Lastly and quite candidly, Cervelli not as solid a defender as Stewart. This can be evidenced by the fact that Cervelli was actually Stewart’s backup when both were with the Yankees in 2013 and can further be justified statistically. Here’s the key head-to-head career numbers:

  • Chris Stewart: .992 Fld% / 31% Caught Stealing (CS) — 295 Games
  • Francisco Cervelli: .985 Fld% / 22% Caught Stealing (CS) — 236 Games

Hurdle will give each the chance to earn the starting job in Spring Training– he may even throw Sanchez a chance at earning the job, though that’s going to be a tough road for Sanchez to hoe. If history is any indicator, Stetwart will be the Pirates starting catcher in 2015 — either by earning the job outright or earning it by proxy (Martin leaves via free agency and/or Cervelli sustains an injury).
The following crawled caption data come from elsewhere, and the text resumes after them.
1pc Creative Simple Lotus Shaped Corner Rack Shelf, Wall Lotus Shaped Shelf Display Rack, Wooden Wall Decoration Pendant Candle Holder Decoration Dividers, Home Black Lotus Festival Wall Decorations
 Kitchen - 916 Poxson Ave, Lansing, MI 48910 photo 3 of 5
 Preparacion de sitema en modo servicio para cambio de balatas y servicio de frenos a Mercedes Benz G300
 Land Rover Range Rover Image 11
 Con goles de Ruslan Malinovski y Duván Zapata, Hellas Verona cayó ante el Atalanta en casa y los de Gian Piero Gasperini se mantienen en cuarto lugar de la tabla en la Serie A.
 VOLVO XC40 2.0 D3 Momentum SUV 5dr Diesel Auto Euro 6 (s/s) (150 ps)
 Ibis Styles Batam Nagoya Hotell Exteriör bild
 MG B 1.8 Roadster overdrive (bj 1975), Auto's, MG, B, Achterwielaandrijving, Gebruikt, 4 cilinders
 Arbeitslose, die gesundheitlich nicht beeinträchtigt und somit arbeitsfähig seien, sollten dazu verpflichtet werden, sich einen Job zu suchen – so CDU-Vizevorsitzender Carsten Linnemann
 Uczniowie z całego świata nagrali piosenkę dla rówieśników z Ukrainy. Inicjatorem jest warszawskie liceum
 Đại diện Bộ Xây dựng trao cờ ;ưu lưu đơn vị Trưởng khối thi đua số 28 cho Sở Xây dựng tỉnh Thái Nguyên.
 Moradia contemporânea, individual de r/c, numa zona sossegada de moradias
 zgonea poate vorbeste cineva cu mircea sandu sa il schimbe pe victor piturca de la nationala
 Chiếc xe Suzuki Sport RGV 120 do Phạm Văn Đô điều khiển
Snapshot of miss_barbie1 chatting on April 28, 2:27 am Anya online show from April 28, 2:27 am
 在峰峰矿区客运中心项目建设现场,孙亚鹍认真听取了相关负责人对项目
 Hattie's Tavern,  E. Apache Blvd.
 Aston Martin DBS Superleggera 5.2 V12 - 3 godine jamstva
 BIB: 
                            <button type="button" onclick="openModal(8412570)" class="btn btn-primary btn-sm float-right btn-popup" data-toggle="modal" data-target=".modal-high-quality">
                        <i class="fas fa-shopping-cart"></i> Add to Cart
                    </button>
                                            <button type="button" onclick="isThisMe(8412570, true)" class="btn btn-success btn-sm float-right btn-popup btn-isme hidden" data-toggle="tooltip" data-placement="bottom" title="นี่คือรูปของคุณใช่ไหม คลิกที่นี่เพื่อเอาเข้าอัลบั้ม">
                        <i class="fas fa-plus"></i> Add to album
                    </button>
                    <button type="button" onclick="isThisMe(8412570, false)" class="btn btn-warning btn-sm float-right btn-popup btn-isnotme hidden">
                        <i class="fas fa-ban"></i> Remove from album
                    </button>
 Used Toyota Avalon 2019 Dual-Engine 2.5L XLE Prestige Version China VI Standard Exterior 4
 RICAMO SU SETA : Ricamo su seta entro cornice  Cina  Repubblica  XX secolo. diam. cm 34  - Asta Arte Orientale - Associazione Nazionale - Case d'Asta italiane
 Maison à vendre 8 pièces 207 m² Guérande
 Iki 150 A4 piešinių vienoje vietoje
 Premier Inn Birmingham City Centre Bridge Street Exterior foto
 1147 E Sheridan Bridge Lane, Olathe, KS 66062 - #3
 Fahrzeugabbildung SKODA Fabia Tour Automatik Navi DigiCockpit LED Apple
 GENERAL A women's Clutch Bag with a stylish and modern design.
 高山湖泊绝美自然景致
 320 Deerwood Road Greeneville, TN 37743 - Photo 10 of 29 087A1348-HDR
Looking at it from altitude, it’s not an awful trade by any means, but it does come with more bad than good, especially when considering what the Pirates had to give up to get to this point. Give up a righty instead, and I become a bigger fan of this deal. Doing something is better than doing nothing.

Notes/Things to Like:

– Cervelli’s nickname is “Gazoo” because of the larger, more heavily padded helmet he employs because of his history of concussions.  Gazoo, of course, is the charter member of the Fred Flinstone fan-club.

– He brings with him experience from a storied franchise in the Yankees with a long history of winning baseball games.

– He will be somewhat inexpensive at around $1M/year, potentially allowing the Pirates to spend more money on the starting rotation (like the A.J. Burnett signing yesterday) when Martin officially signs with a different team.

– If Francisco Liriano resigns with the Pirates, there exist the potential of clever and witty references being made to the battery — FF?  F^2?